Lingkup kegiatan ini secara garis besar meliputi empat bidang substansi yaitu pameran, lomba, pagelaran dan dialog. Menurut Dirjen Nilai Budaya, Seni dan Film (NBSF) Kemenbudpar Ukus Kuswara, rangkaian acara ini bertujuan mengenalkan kembali kekayaan budaya Kuningan pada masyarakat.
“Saat ini ada 150 kesenian, yang sebagian terancam punah. Kalau dibiarkan begitu saja. Maka Kuningan akan kehilangan jati dirinya,” ujar Ukus saat dialog Pekan Budaya, Seni dan Film di pendopo Kabupaten Kuningan, akhir pekan lalu.
Menurutnya, ada 3 faktor kunci melestarikan seni tradisi yakni inventarisasi, dokumentasi dan publikasi. Inventarisasi dan dokumentasi, bisa dikerjakan oleh Dinas Kebudayaan dan Pariwisata (Kadis Budpar) atau Badan Pelestarian Seni dan Nilai Tradisional (BPSNT) setempat.

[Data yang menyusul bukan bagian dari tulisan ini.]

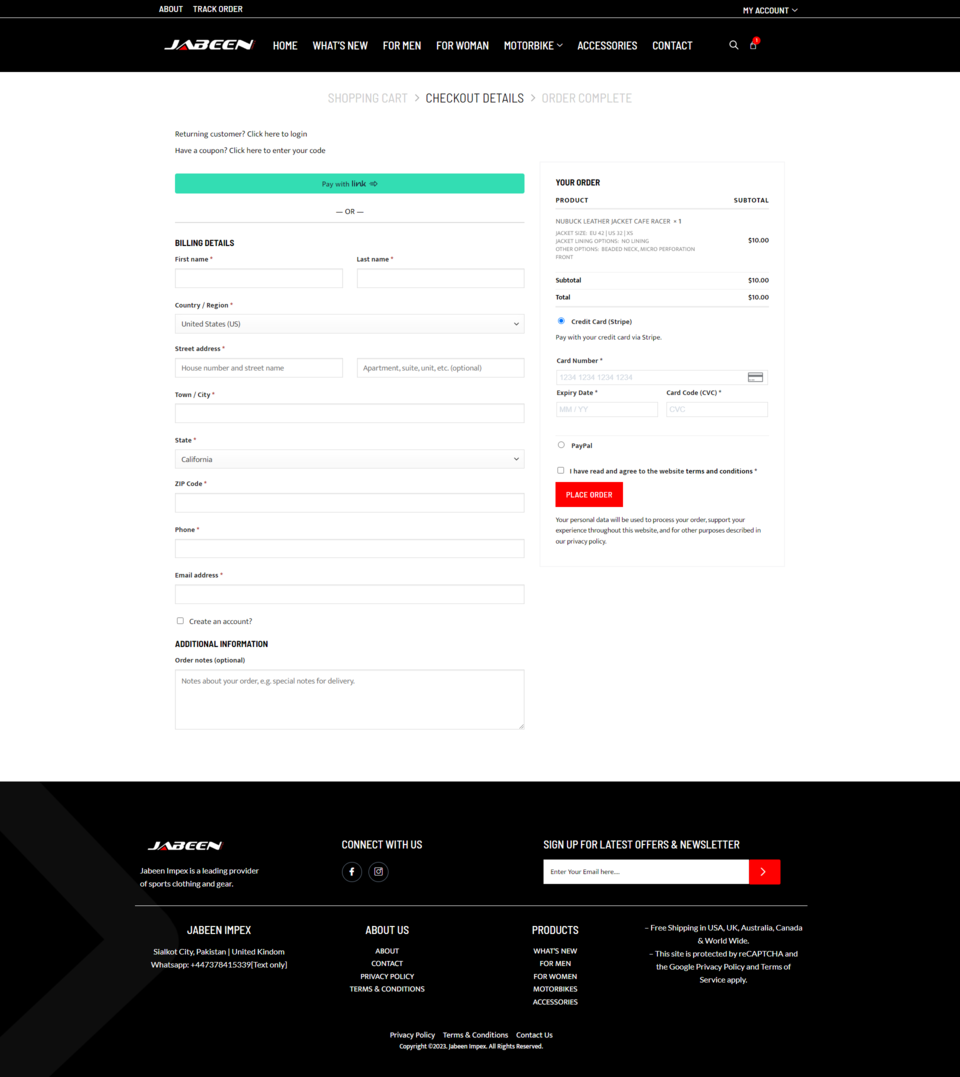 Payment procedure in website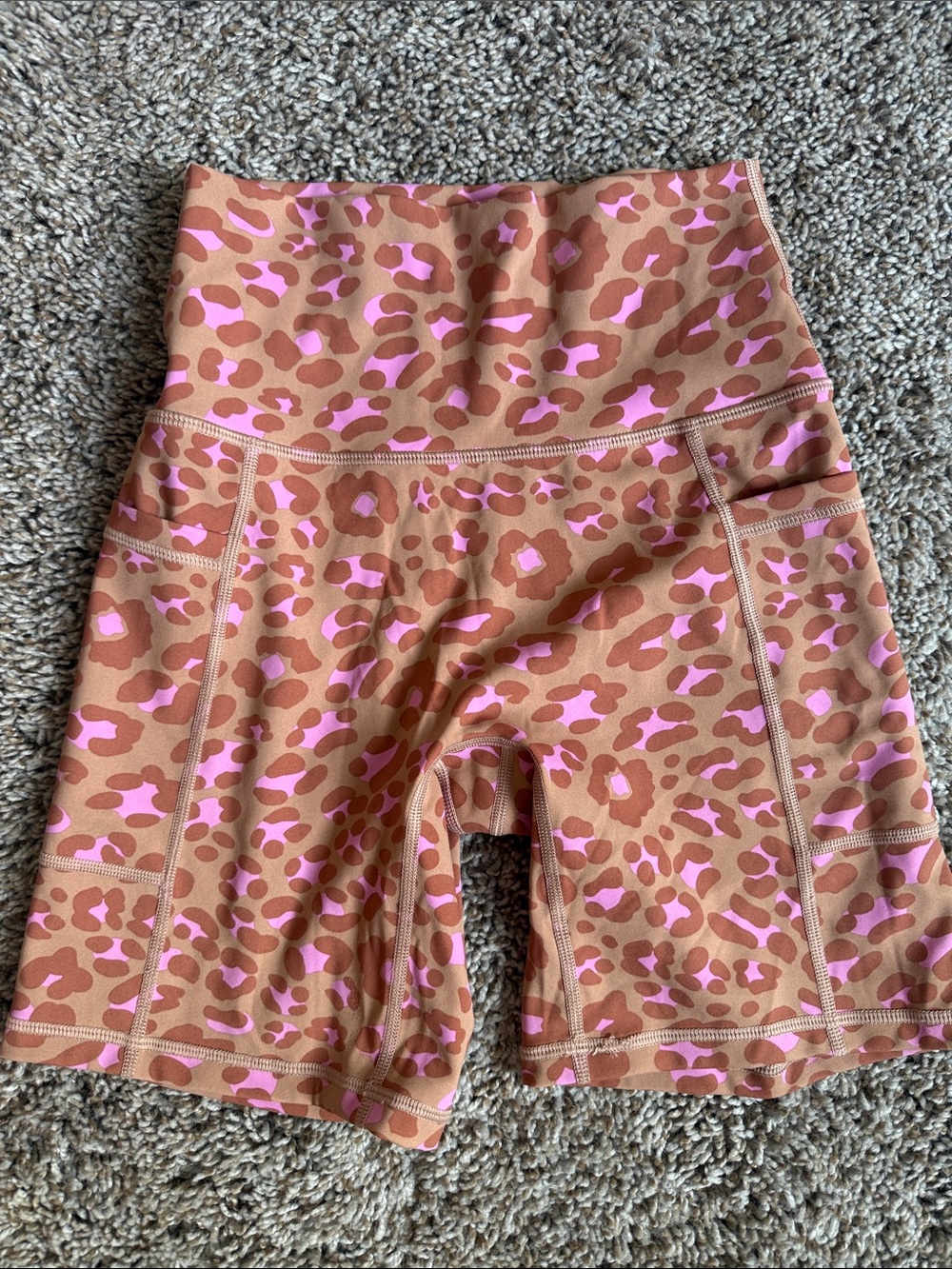 aerie High-Waist Pink & Brown Leopard Bike Shorts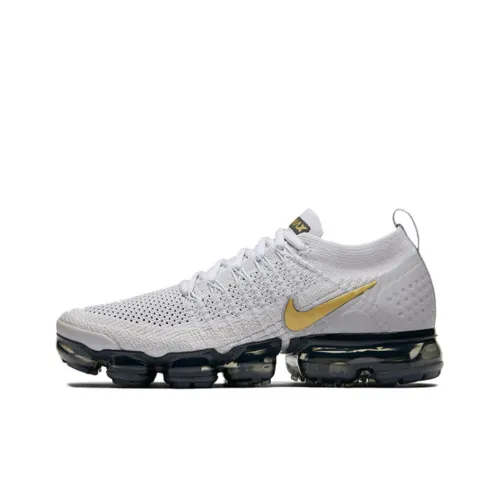 nike VaporMax Flyknit 2 Low Топ Тренировки Беговые кроссовки Женские Белые Золотые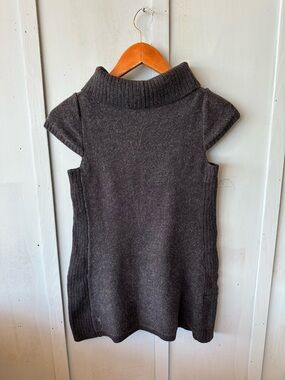 ibex Merino Wool Charcoal Sleeveless Turtleneck Knit Tunic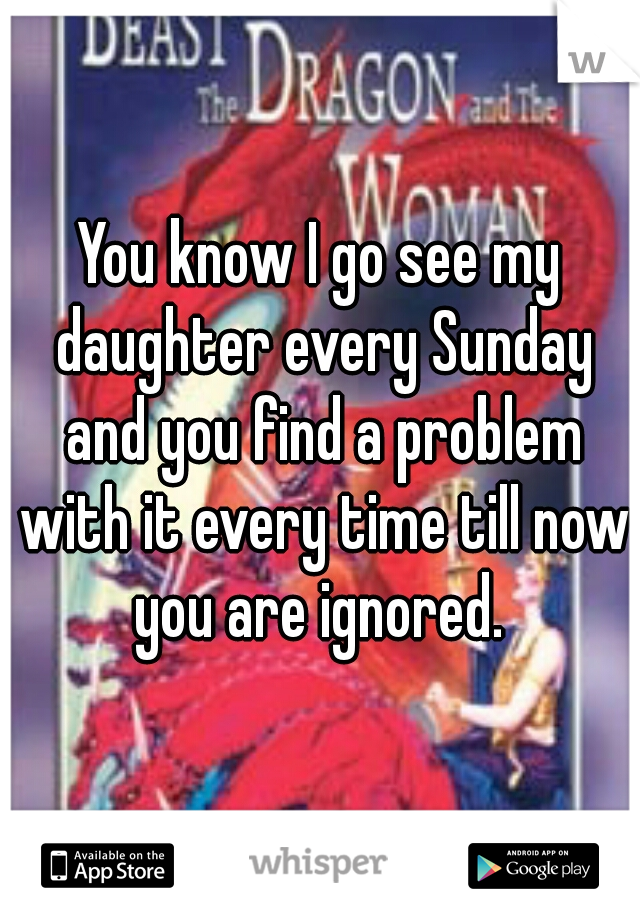 You know I go see my daughter every Sunday and you find a problem with it every time till now you are ignored. 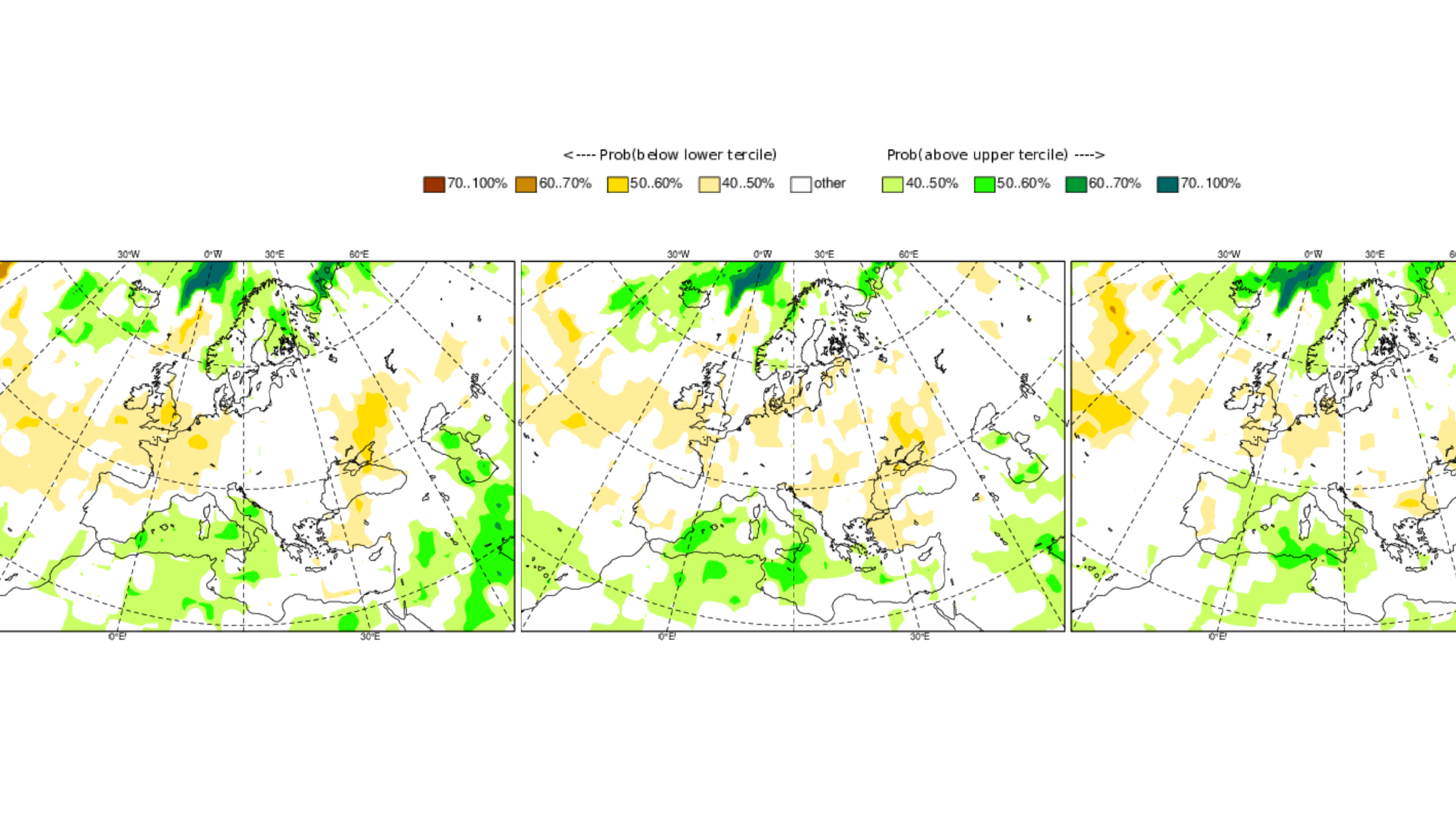 Anomalía de la precipitación prevista para diciembre, enero y febrero (de izda a dcha)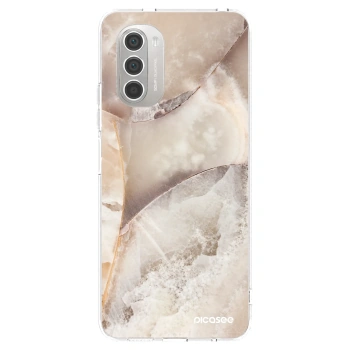 Picasee Motorola Moto G51 Hülle - Transparentes Silikon - Cream marble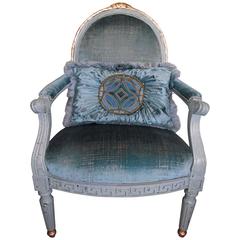 French Style Chair Covered in Exclusive Blue Velvet, with Gold Leaf Detailing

Sementara publikasi, pemerintah bisa menjalin hubungan baik dengan media massa. Dan yang tak kalah penting untuk regenerasi, kurikulum pendidikan harus memperbanyak ruang berekspresi dan berkesenian. Dikatakan, jika masyarakat Kuningan aktif mengembangkan kesenian daerah, efek positifnya akan dirasakan dengan terciptanya industri pariwisata.
Jika masyarakat Kuningan aktif mengembangkan kesenian daerah, efek positifnya akan dirasakan dengan terciptanya industri pariwisata. Satu daerah tak akan maju jika budaya setempat tidak berkembang. Karena itu, seni tradisinya harus diperkuat sebagai daya tarik.
Selain juga daya tarik alam yang sudah dimiliki Kuningan. Bupati Kuningan Aang Hamid Suganda, mennuturkan Kuningan memiliki harta karun kebudayaan angklung diatonis yang dikembangkan Daeng Soetigna. Pada saat perjanjian Linggarjati, tahun 1946, Daeng Soetigna mengembangkan angklung pentatonis (do, re, mi, so, la) menjadi diatonis (do, re, mi, fa, sol, la, si, do).
“Cikal bakal angklung diatonis dikembangkan di Kuningan. Secara historis, Kuningan punya semangat berkesenian. Saya punya misi menjadikan Kuningan menjadi Kabupaten Angklung, dengan mendirikan museum angklung. Saya memiliki keoptimisan yang tinggi bahwa Kuningan akan besar. Selain potensi alamnya, dari segi sumber daya manusianya dengan cepat bisa beradaptasi,” ucap dia. [H-15]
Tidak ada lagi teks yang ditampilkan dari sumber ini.